Gupta and Singh (2012) used a combination of items from existing OCB scales (Smith et al., 1983; Konovsky and Organ, 1996) and performed factor analysis on employee responses. They found that Organ's model of OCB was a poor fit in the Indian context, proposing a new structure of three factors: Organization orientation (helping, sportsmanship and civic virtue from Organ's model), punctuality (compliance with the organization's timings) and individual orientation (concern about the impact of one's actions on other individuals). A similar approach was taken by Shanker (2014) and Habeeb (2019), who both used an OCB scale based on Organ's model and performed factor analysis to determine the structure of OCB in the Indian context. While Habeeb focused on the banking and financial sector, Shanker collected her data from middle and senior management across industries. Both reported substantial quantitative support for Organ's model in India. Gupta (2021) found factor analytic evidence for the same in the teaching sector in India.

OCB has mostly been studied quantitatively in India, using existing western tools. Efforts to customize a model for the Indian context have resulted in assessing fitment of existing models to Indian employees, and measurement tools heavily borrowing from Western measures. Even studies that came up with new OCB dimensions for Indian settings were limited by the use of items originating from Western measures. There is a significant gap for qualitative, inductive research aimed at deriving original dimensions of OCB for India that are rooted in ground-level data from employees. Such research could construe new OCBs and discard some existing OCBs. We conducted the present study to fill this gap and expect our findings to inform the academic discourse, human resource policies and cross-cultural management practices. More importantly, the study will set a precedent for reconceptualizing OCB in different contexts from different perspectives.

Methodology

To newly conceptualize OCB, we designed an inductive study with purely qualitative methods of data collection and analysis. Our model of OCB was developed from descriptions of real instances of OCB. This method was inspired by the methodology of milestone studies in OCB conceptualization ( Farh et al., 2004; Dekas et al., 2013).

Sampling

We employed convenience sampling to recruit full-time employees working in India. We approached potential respondents through our social circle, contacting employees directly or through their colleagues and managers. We snowballed the sample to recruit more respondents through existing ones, until the data reached saturation. We gathered responses from 49 employees, mostly in white-collar and technology-based jobs (see Table 1).

Inclusion criteria:

  1. Citizen and resident of India

  2. Full-time salaried employee of an organization

  3. Employee with at least one year of work experience at their current organization

  4. Employee in frontline, independent contributor, junior or middle management role

Exclusion criteria:

  1. Part-time or temporary employee

  2. Employee in a senior management role

Response gathering form and procedure

We created an online form with instructions for respondents and 15 blank fields for them to enter descriptions of instances of OCB. The instructions gave a verbal brief (see Appendix) on OCB and its colloquial meaning, without using definitions or mentioning dimensions. The brief was followed by a request to share examples of behaviour that respondents had seen or performed at work and deemed as OCB. To help them come up with examples, we included a directive to think of every action that they or their colleagues take at work, test it against the criteria of whether it is beneficial to the organization and whether it is voluntary and describe actions that fulfil both. There were no other questions in the response form.

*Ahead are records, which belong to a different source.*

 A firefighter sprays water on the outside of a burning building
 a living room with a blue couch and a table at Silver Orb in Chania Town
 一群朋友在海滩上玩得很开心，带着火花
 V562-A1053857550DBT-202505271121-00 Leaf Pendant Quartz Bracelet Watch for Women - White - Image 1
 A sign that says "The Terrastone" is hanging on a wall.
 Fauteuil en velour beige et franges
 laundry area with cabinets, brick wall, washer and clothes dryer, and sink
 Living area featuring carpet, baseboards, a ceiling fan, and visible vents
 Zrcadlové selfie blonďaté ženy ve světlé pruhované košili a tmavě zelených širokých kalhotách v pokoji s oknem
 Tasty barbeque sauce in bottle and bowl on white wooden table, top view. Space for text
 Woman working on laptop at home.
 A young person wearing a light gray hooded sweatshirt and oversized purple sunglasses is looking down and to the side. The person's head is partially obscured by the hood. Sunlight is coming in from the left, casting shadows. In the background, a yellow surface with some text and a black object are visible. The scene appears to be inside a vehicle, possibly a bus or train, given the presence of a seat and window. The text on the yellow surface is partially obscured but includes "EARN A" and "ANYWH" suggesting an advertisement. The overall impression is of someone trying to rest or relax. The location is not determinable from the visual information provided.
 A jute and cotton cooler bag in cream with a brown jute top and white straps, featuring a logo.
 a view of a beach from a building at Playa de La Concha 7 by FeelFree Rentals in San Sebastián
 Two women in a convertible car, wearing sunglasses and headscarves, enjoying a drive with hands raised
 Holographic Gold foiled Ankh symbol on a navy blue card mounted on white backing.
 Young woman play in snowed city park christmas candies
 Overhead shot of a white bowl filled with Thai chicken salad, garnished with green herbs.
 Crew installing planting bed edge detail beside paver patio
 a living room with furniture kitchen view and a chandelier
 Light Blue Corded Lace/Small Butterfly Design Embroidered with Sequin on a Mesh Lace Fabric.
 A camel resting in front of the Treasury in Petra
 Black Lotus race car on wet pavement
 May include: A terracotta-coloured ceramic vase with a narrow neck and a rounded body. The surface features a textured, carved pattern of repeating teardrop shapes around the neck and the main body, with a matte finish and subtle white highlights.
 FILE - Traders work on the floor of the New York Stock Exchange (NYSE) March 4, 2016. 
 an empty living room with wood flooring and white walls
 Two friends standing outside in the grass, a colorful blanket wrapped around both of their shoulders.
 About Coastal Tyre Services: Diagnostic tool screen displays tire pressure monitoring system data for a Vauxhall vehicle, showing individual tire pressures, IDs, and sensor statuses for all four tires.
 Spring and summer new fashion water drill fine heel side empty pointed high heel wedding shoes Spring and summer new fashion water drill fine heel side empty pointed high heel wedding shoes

Data were collected in person or telephonically. On occasions of data collection in groups, participants filled their forms independently without discussion, to avoid excessively similar descriptions. They were assured of confidentiality and informed of the option to fill the form anonymously. After taking informed consent, participants received the form link and oral instructions similar to those in the form. Queries, if any, were resolved before they would begin answering. We collected a pool of 478 responses from 49 respondents. The pool was examined for relevance and comprehensibility, reducing it to 442 analysable descriptions of instances of OCB.

Thematic analysis

We followed Braun and Clarke's (2006) method of thematic analysis. Responses were read multiple times and manually coded with “Initial Codes (ICs)” by the first author. The coding scheme was not pre-decided to avoid imposing existing frameworks on the data. Some responses were marked with multiple ICs, since the behaviours mentioned in them were multi-fold. The coding was then thoroughly reviewed by the second author, with suggestions for change. Differences were resolved through discussions and coding was refined accordingly. Twenty-two ICs were arrived at (see Table 2) and categorized into themes in further processing.

We created five iterations of the thematic framework before finding the best fit with ten themes, in view of maximal coverage of each theme and minimal overlap between themes. This process was interpretive; the basis of grouping some behaviours was the desired outcome of those behaviours rather than their content. Finally, codes were re-examined for fitment under their respective themes, which resulted in the removal of one IC and addition of two more codes:

  1. IC no 19 (using personal resources for the organization) overlapped with multiple themes and was removed. The responses under it were re-coded to the subtheme that the personal resources contributed to. For instance, sales managers using their personal network to raise the organization's sales were coded as 20 (over-delivering on performance expectations).

  2. “Offering emotional support to colleagues” was added as a new code to represent the emotional component of personal relationships with colleagues, previously coded together under IC no 8 (Socializing with colleagues).

  3. IC no 18 (Contributing to improving psychological environment of the organization) contained two distinct kinds of actions: one, speaking up and promoting open communication, and two, promoting team relationships and environment. It was accordingly split into two codes, “Voice and open communication” and “Maintaining team morale.”

The resulting ten themes were further categorized into super-themes based on their orientation: Interpersonal, individual, organizational and community. Each super-theme serves as a broad category of OCB, each theme as a component and subtheme as a subcomponent of OCB.

Findings: the final model

Each component is defined and elaborated below, grouped under the respective category, coupled with a representative verbatim quote from the dataset. Table 3 provides a succinct view of the model.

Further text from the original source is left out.